FETÖ'nün, bu milletin çocuklarının beyinlerini yıkamak suretiyle uşaklık ettiği güçlerin istihbarat elemanı olarak Türkiye'nin her tarafındaki bilgileri toplayıp bir yere aktardığını dile getiren Bozdağ, "Böyle bir ihanet ile Türkiye karşı karşıya. Buna karşı biz devletimizi, milletimizi koruyacak tedbirler alamayacak mıyız? Böylesi bir ihaneti fark ettiğimizde üzerine gitmeyecek miyiz, elbette üzerine gideceğiz. İhanetlerin fark edildiğini gördüler. Pek çok başka işler de yaptılar. Yine onların hepsi görüldü. Örneğin MİT tırları hadisesi vardı." dedi.
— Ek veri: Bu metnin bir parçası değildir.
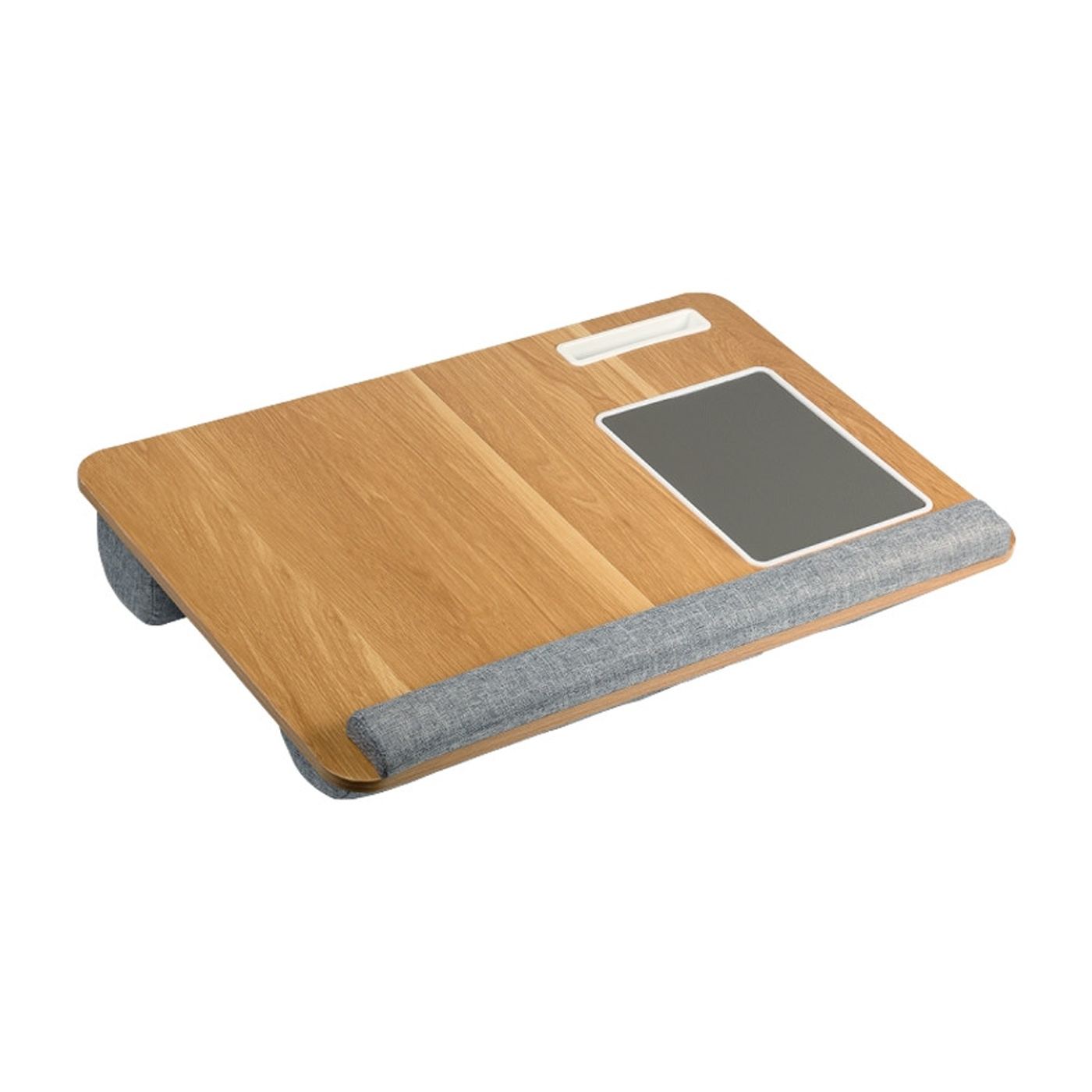 Kesper Laptop Asztalka egérpaddal 77623, beépített okostelefon/tablettartóval, puha alappal, 54,5x35,5 cm, barna - 2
Bozdağ, DEAŞ terör örgütü ile en etkin ve en samimi mücadele eden tek ülkenin Türkiye olduğunu söyledi. Koalisyonda yer alan 66 ülkenin bomba yağdırmasına rağmen DEAŞ'ın hala varlığını sürdürdüğüne dikkati çeken Bozdağ, "Nasıl oluyor bu iş böyle? 4-5 yıllık mazisi olan terör örgütü, Amerika'dan Avustralya'ya, Kanada'dan Almanya'ya dünyanın 150 civarında ülkesinden teröristleri ölmek ve öldürmek üzere Suriye'ye gelmeye nasıl ikna edebilir?” dedi. Bozdağ, DEAŞ terör örgütünün proje bir terör örgütü olduğuna işaret ederek şunları kaydetti: "O projenin tahakkuku için o arazilerde dolanıyor, proje tahakkuk ettiği zaman o projeyi projelendirenler fişini çekecektir. Ama buna karşı en etkin mücadeleyi Türkiye yapıyor. Neden bu Türkiye'nin düşmanıdır, hem Türk milletinin düşmanıdır hem dinimiz olan İslam'ın düşmanıdır, Kur'an'ın düşmanıdır, Peygamberimizin düşmanıdır? Müslümanları öldürüyor, İslam'a ve Müslümanlara da en büyük zararı veriyor. Onun için biz bunun karşısında ülkemiz ve milletimiz aleyhine bütün bu faaliyetleri nedeniyle ta başından beri net durduk. Etkin bir mücadele ortaya koyduk."

Bozdağ, terör örgütü üyelerini devletin içinden arındırmanın titizlikle yapıldığını ve yapılacağını ifade ederek şunları söyledi: "Devletine, milletine sadakati olmayan yapının, kişinin devlet ve millet yapısı içinde yer alması doğru değil. Başka yerlerde çalışabilir ama birtakım terör örgütlerin talimatlarıyla hemen kendisini bambaşka bir noktaya çeken birisinin bu devlete faydası yok."